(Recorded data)
- Opening Delimiter -
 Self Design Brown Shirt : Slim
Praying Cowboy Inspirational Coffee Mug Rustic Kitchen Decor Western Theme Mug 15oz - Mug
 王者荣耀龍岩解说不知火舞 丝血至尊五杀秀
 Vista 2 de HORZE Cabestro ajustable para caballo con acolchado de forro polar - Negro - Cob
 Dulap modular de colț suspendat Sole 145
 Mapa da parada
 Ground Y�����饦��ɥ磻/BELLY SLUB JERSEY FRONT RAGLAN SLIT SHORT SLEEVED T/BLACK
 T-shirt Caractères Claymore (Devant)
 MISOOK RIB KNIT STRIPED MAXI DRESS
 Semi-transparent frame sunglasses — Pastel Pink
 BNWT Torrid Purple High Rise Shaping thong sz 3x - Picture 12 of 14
- Closing Delimiter -
- Opening Delimiter -
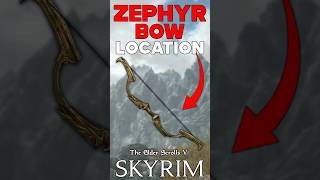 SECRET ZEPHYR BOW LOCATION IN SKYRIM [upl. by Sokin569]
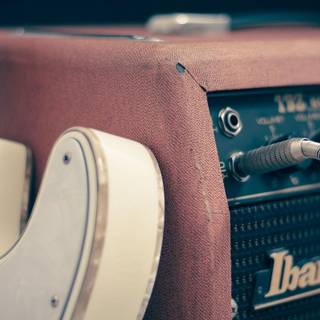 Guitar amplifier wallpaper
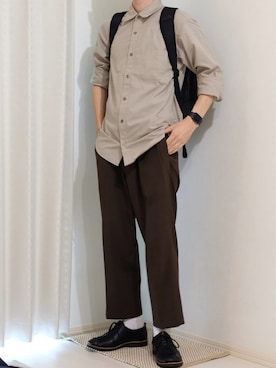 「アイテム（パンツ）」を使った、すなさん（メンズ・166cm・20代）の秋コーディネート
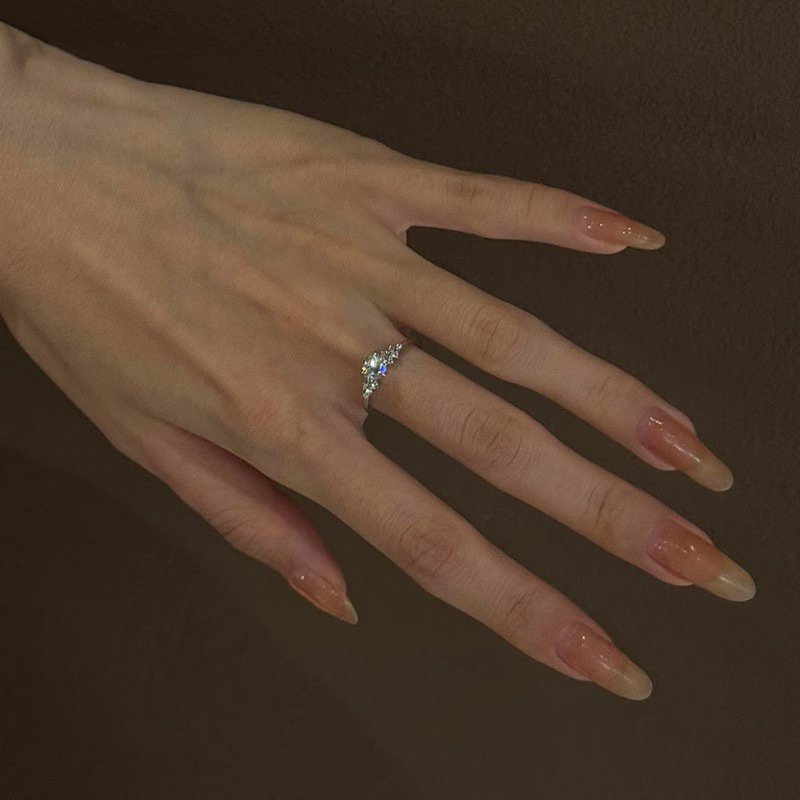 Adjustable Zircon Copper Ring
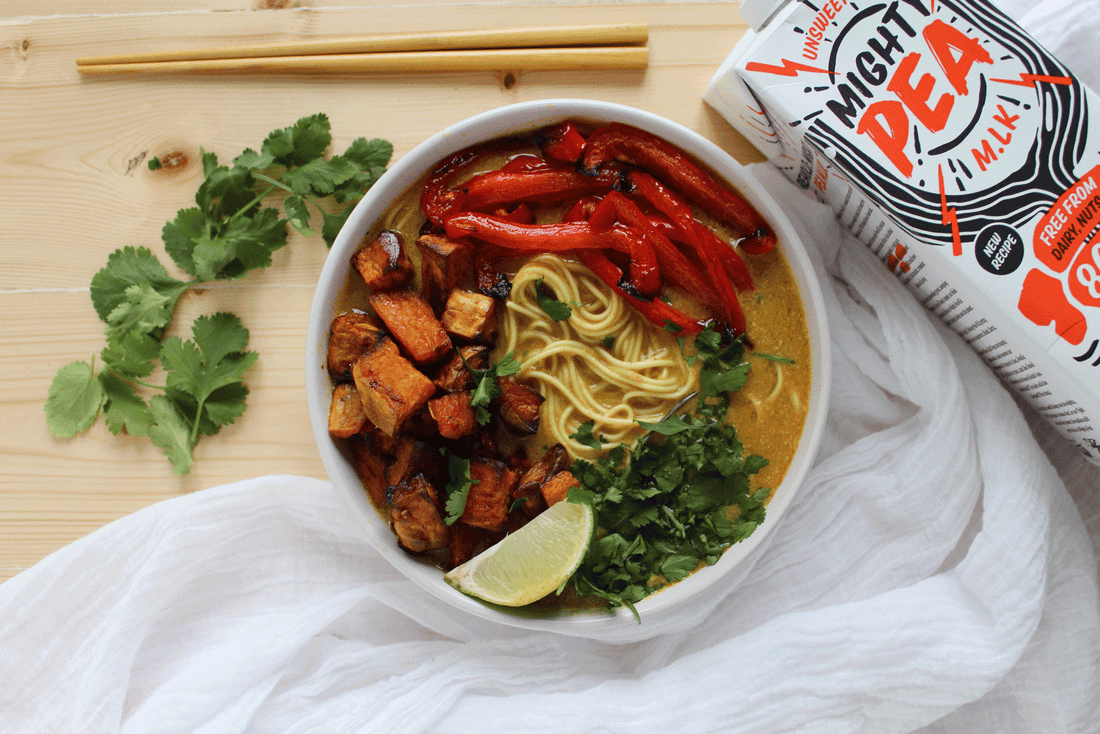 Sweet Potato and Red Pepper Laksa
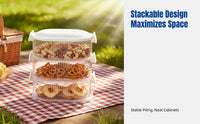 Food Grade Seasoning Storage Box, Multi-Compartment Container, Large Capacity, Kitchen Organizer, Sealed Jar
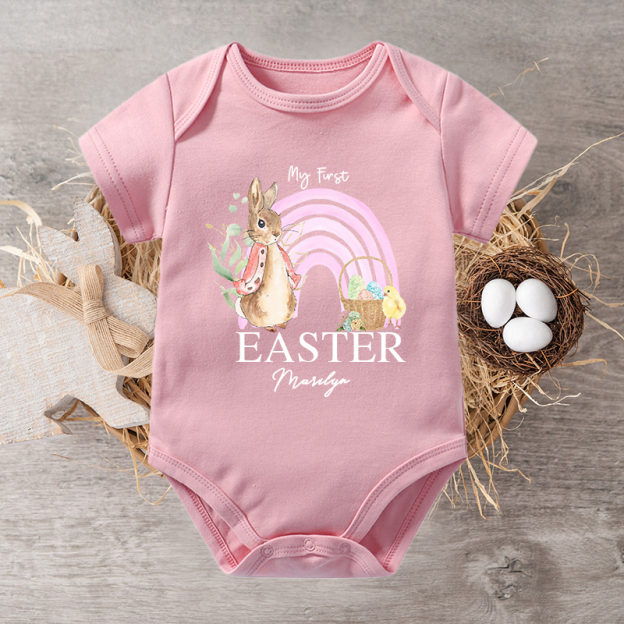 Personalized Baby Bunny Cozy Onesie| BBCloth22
- Closing Delimiter -
### ACTION ITEM
Quote the data above from the line containing "Self Design Brown Shirt : Slim" to the line containing "Mapa da parada", inclusive, and stop.

### REPLY TO THE TASK
 Self Design Brown Shirt : Slim
Praying Cowboy Inspirational Coffee Mug Rustic Kitchen Decor Western Theme Mug 15oz - Mug
 王者荣耀龍岩解说不知火舞 丝血至尊五杀秀
 Vista 2 de HORZE Cabestro ajustable para caballo con acolchado de forro polar - Negro - Cob
 Dulap modular de colț suspendat Sole 145
 Mapa da parada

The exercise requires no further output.